Tuesday, November 22, 2005

Poem of the Day (Updated)

This is a long-time favorite of mine. It's from Stanislaw Lem's novel The Cyberiad, translated by Michael Kandel (pp. 50 - 51 of the Harcourt Brace paperback). In it, the robot inventor Klapaucius comes up with an assignment for his competitor Turl's new electronic bard...

The Assignment:

"Have it compose a poem -- a poem about a haircut! But lofty, noble, tragic, timeless, full of love, treachery, retribution, quiet heroism in the face of certain doom! Six lines, cleverly rhymed, and every word beginning with the letter s!"

The Solution:

Seduced, shaggy Samson snored.
She scissored short. Sorely shorn,
Soon shackled slave, Samson sighed,
Silently scheming,
Sightlessly seeking
Some savage, spectacular suicide.

Well, what do you say to that?

It's a marvelous poem, I think -- in itself, and particularly given the stipulations. But of course it is also an astonishing piece of translation: it is hard to believe it wasn't written in English. (Douglas Hofstadter talks about this aspect of Kandel's translations, though not that I recall in relation to this particular poem, in his delightful book about translation, Le Ton beau de Marot.) And a real question in my mind has always been what the original looks like. Alas, the Cornell library doesn't seem to have a copy of Cyberiada in the original Polish... (If anyone out there happens to know, do please leave a comment or email me!)

Incidentally, Googling around, I found that the opening of The Cyberiad, "How the World Was Saved" is available (in English) on Lem's web site. Check it out!

Update: Well, if I hadn't misspelled "Samson", my earlier Googling would have been more successful. It turns out that the Polish version of Lem's Cyberiada is online -- it appears in its entirety. At any rate, it gives us:

The Assignment in Polish:

Niech ułoży wiersz o cyberotyce! - rzekł nagle, rozjaśniony. - Żeby tam było najwyżej sześć linijek, a w nich o miłości i o zdradzie, o muzyce, o Murzynach, o wyższych sferach, o nieszczęściu, o kazirodztwie, do rymu i żeby wszystkie słowa były tylko na literę C!!

The Solution in Polish:

Cyprian cyberotoman, cynik, ceniąc czule
Czarnej córy cesarskiej cud ciemnego ciała,
Ciągle cytrą czarował. Czerwieniała cała,
Cicha, co dzień czekała, cierpiała, czuwała...
...Cyprian ciotkę całuje, cisnąwszy czarnulę!!
Now, I don't know a word of Polish. But even so it seemed pretty obvious that Kandel's version was an equivalent rather than a translation. (Note that that "d" in the third word of the fourth line is sic. I don't know what's up with that.) And the automated Polish-English translation program which I copied each into confirmed it (well, it produced a mishmash, especially of the poem -- but it was enough to show that the original was clearly something quite different than the translation.) So what does the original mean -- how would it translate literally?

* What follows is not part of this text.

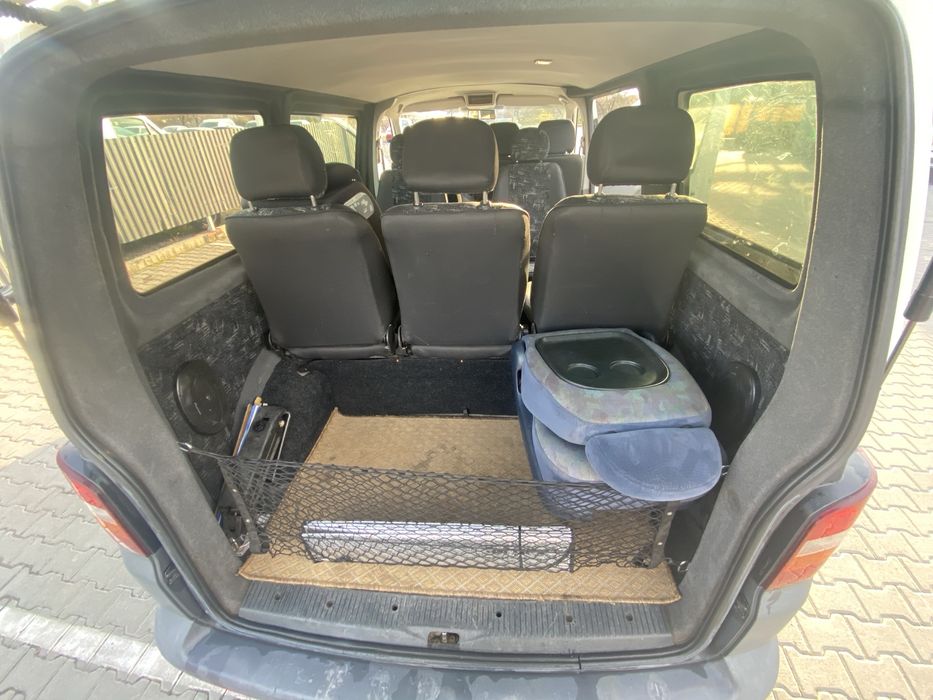 volkswagen t5 1.9 tdi 75 квт
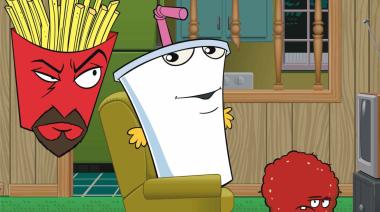 Aqua Teen Hunger Force: la voz de Frylock, Carey Means, quedó sin hogar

Fortunately, it turns out that Michael Kandel himself has answered this question. Greg Keogh at the Nancy Street Network has a Stanislaw Lem page on which he describes emailing this question to Kandel. Kandel provided the following literal gloss on the Polish:

Cyprian the cyber sex fiend and a cynic, appreciating tenderly the miracle of the dark body of the Negro daughter of Caesar, constantly wove charms with a zither. She blushed all over, silent, waiting every day, suffering, watching ... Cyprian kisses her aunt, have abandoned the black beauty!

(Of course the paradigms given the machine are quite different.)
Unfortunately, Kandel didn't give a literal gloss on the Polish paradigms (the "assignment" as I've called it). But this gives a sense of what the original is like -- and hence what Kandel was up against.

I still think "Seduced, shaggy Sampson snored..." is a terrific little poem. The question is: given that it isn't really a translation of Lem's poem (but rather an English equivalent of it), but one that occurs in a translation of Lem's novel and wasn't offered for independent publication -- who should be credited as the author of the poem? Lem? Kandel? Lem as translated by Kandel? Both in collaboration?


Anonymous said...

compendium can be bought.


Anonymous said...

"(Note that that "d" in the third word of the fourth line is sic. I don't know what's up with that.) "

It's due to vacillations in Polish spelling rules - co dzień "every day" used to be written as one word in some contexts (I suspect codzień was wrong in this context even then but nevermind). Here, co is a sort of a modifying particle (as a pronoun it means "what") used to create phrases like "every day", "every year" etc.